Simplifying sequential() / parallel()
Joe Bowbeer
joe.bowbeer at gmail.com
Fri Mar 22 08:09:56 PDT 2013
I'm just asking about the rules for each() in groovy. gpars is special
purpose, akin to adding parallel() to ones code.
On Mar 22, 2013 10:57 AM, "Remi Forax" <forax at univ-mlv.fr> wrote:
> On 03/22/2013 03:07 PM, Joe Bowbeer wrote:
>
>>
>> Stateful programming has its issues but that ship has already sailed (in
>> Java).
>>
>> The programs where these new expressions will live are full of state...
>>
>> With the introduction of streams, programmers and refactoring tools will
>> be introducing the cool new expressions into existing code. (forEach is the
>> groovy guy's for loop, right?)
>>
>> I don't want to create danger zones in the code where these
>> transformations are accidents waiting to happen. Also think of the code
>> maintainers trying to determine, as they are enhancing and debugging the
>> code, where they are allowed to add state.
>>
>> Before, the existence of parallel() created a danger zone, but
>> sequential() restored safety. That's an easy rule to understand.
>>
>> BTW, what are the rules in Scala and groovy?
>>
>> Joe
>>
>>
> for Groovy, gpars the groovy parallel library doesn't allow stateful
> closure,
> you have too use special constructs like Agent for that.
>
> http://gpars.codehaus.org/
>
> Rémi
>
> On Mar 22, 2013 9:33 AM, "Brian Goetz" <brian.goetz at oracle.com <mailto:
>> brian.goetz at oracle.com**>> wrote:
>>
>> The problem with stateful lambdas is that, unless one block of
>> code has control over the entire pipeline, it is an accident
>> waiting to happen.
>>
>> Let's say you receive a stream as a parameter:
>>
>> void foo(Stream s) { ... }
>>
>> and you want to do something that requires a stateful mapper:
>>
>> void foo(Stream s) {
>> s.map(... stateful ...)...
>> }
>>
>> That's a bug already. Because you don't know that the stream you
>> were passed in is sequential. But I doubt that people will
>> remember, even most of the time, they need to do:
>>
>> s.sequential().map(... stateful ...)...
>>
>> instead. Won't happen.
>>
>> Stateful lambdas introduce the need for non-modular reasoning
>> about stream pipelines (who created this? who will consume this?
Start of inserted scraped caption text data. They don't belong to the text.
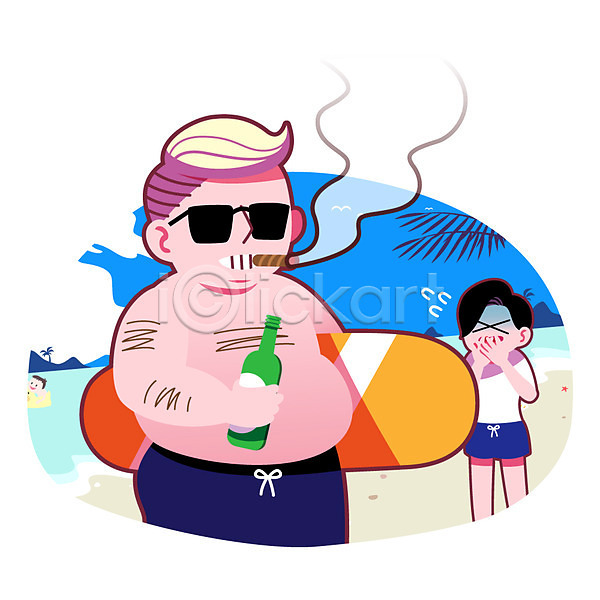 남자 성인 세명 AI(파일형식) 일러스트 담배 바캉스 선글라스 술병 야외 여름(계절) 여름휴가 예절 주간 튜브 해변 흡연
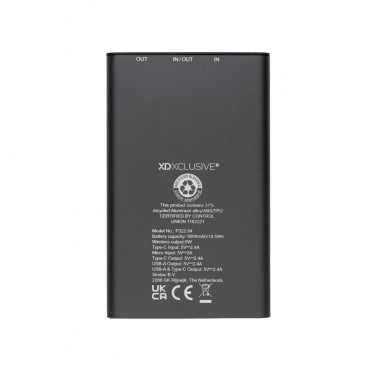 Logo trade mainoslahja ja liikelahja tuotekuva: Terra RCS alumiininen 5000 mAh 5w langaton varavirtalähde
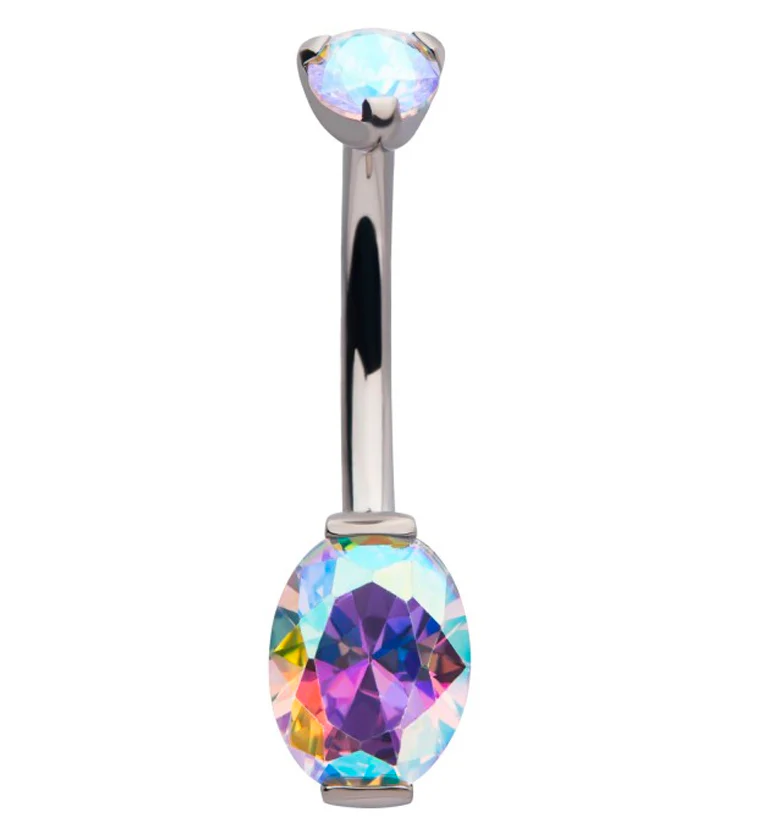 Rainbow Aurora Oval CZ Titanium Belly Button Ring - Mrs Treak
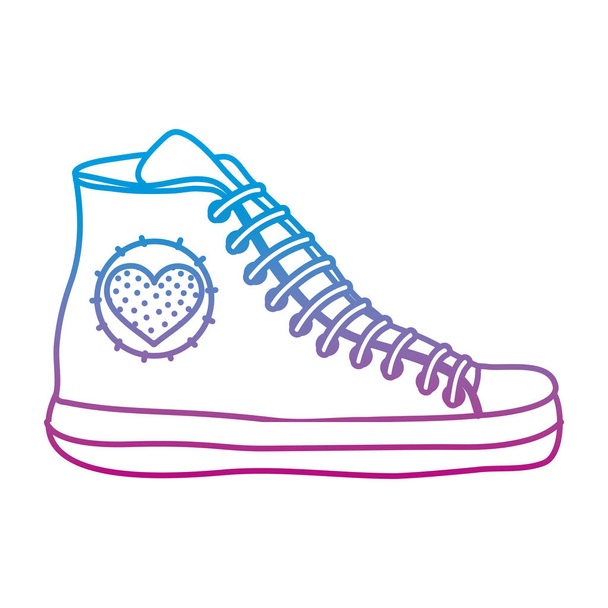 degraded line fashion sneaker shoes with heart design vector illustration - Vector, Image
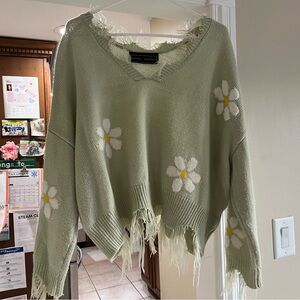 Polly & Esther Sage Green V-Neck Sweater with Floral Design
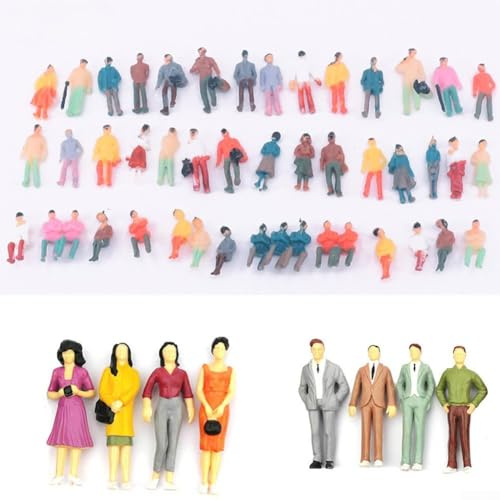 Besttoolifes 200 Pieces Mixed Scale Model Railway Figures Standing & Seated People For OO HO Gauge Scenery Landscape Train Layout Diorama Miniature Architecture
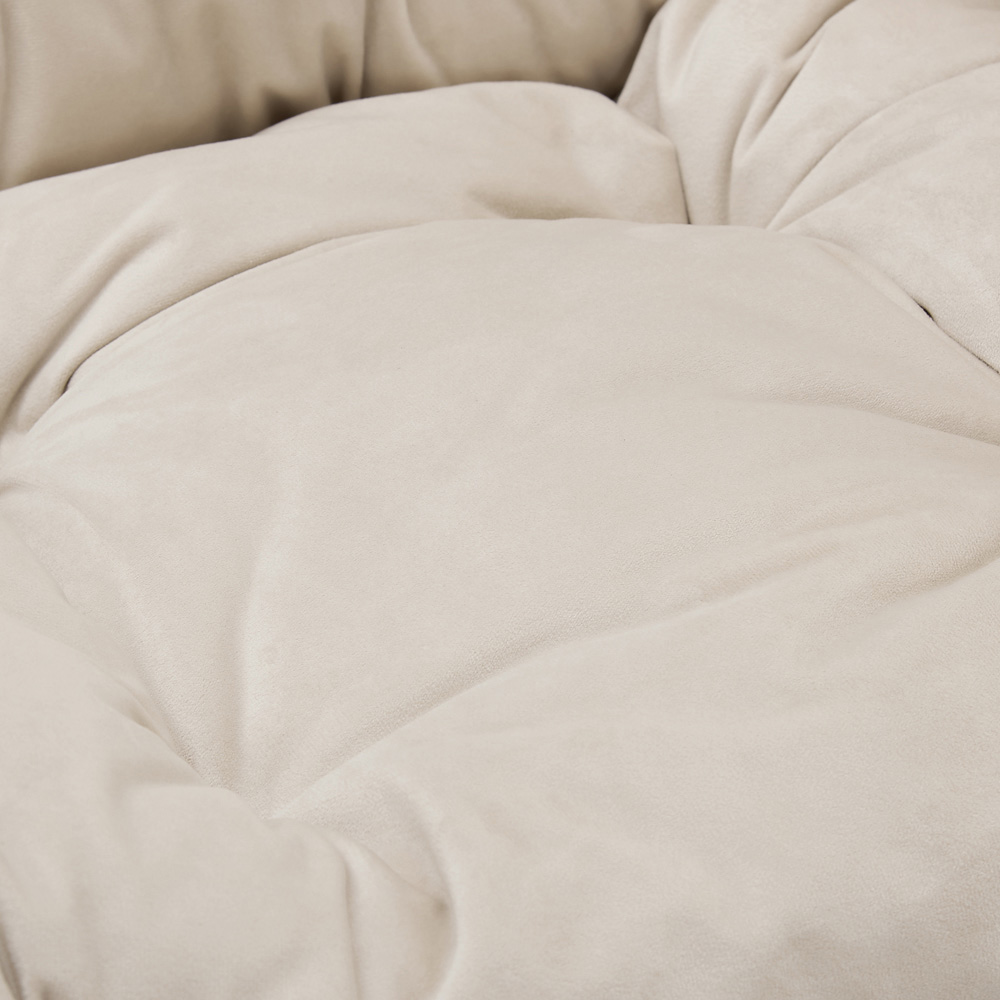 Home Detail Mellow Beige Velvet Lazy Chair Image 4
>> in what state was it created?). And, it has all the same
>> self-deception problems as thread-safety. People convince
>> themselves "I don't need to think about synchronization because no
>> one will ever use this object concurrently."
>>
>> So, while I sympathize with the desire to let people say "I know
>> that this entire stream pipeline has been carefully controlled
>> such as to not have statefulness distort its results", I think in
>> reality, this will quickly turn into "statefulness is OK" in most
>> people's minds. With the attended inevitable foot-shooting.
>>
>> On 3/21/2013 9:57 PM, Joe Bowbeer wrote:
>>
>> I'm traveling now and won't be able to respond promptly but
>> this topic
>> has been raised a couple of times already. Feel free to copy
>> and paste
>> my response from previous discussions:)
>>
>> Rephrasing, I'm OK with non-interference but I object to banning
>> stateful in sequential ops.
>>
>> I think there should be a one-one correspondence between any
>> for loop
>> and a sequential forEach.
>>
>> Can you compare your restrictions with those in Scala and
>> Groovy? Scala
>> in particular, because it is more strictly defined, and I'm
>> pretty sure
>> I've combined stateful expressions with functional forms in
>> Scala, to
>> good effect. (One of the benefits of being multi-paradigmatic?)
>>
>> In addition, I'm wary of the new form of forEach. If anything,
>> I'd like
>> its name to be simpler, e.g., each, not longer.
>>
>> Joe
>>
>> On Mar 21, 2013 3:48 PM, "Brian Goetz" <brian.goetz at oracle.com
>> <mailto:brian.goetz at oracle.com**>
>> <mailto:brian.goetz at oracle.com
>> <mailto:brian.goetz at oracle.com**>>> wrote:
>>
>> Doug and I have been revisiting sequential() and
>> parallel(). I
>> think there's a nice simplification here.
>>
>> The original motivation for sequential() was because we
>> originally
>> had .into(collection), and many collections were not
>> thread-safe so
>> we needed a means to bring the computation back to the current
>> thread. The .sequential() method did that, but it also
>> brought back
>> a constraint of encounter ordering with it, because if
>> people did:
>>
>> stuff.parallel().map(...).__**sequential().into(new
>> ArrayList<>());
>>
>> not respecting encounter order would violate the principle
>> of least
>> astonishment.
>>
>> So the original motivation for sequential() was "bring the
>> computation back to the current thread, in order." This
>> was doable,
>> but has a high price -- a full barrier where we buffer the
>> contents
>> of the entire stream before doing any forEach'ing.
>>
>> Most of the time, sequential() only appears right before the
>> terminal operation. But, once implemented, there was no
>> reason to
>> constrain this to appear right before the forEach/into, so
>> we didn't.
>>
>> Once we discovered a need for .parallel(), it made sense
>> it be the
>> dual of .sequential() -- fully unconstrained. And again, the
>> implementation wasn't *that* bad -- better than
>> .sequential(). But
>> again, the most desirable position for .parallel() is
>> right after
>> the source.
>>
>> Then we killed into() and replaced it with reduction,
>> which is a
>> much smarter way of managing ordering. Eliminating half the
>> justification for .sequential().
>>
>> As far as I can tell, the remaining use cases for
>> .sequential() are
>> just modifiers to forEach to constrain it, in order, to
>> the current
>> thread.
>>
>> As in:
>> ints().parallel().filter(i -> isPrime(i))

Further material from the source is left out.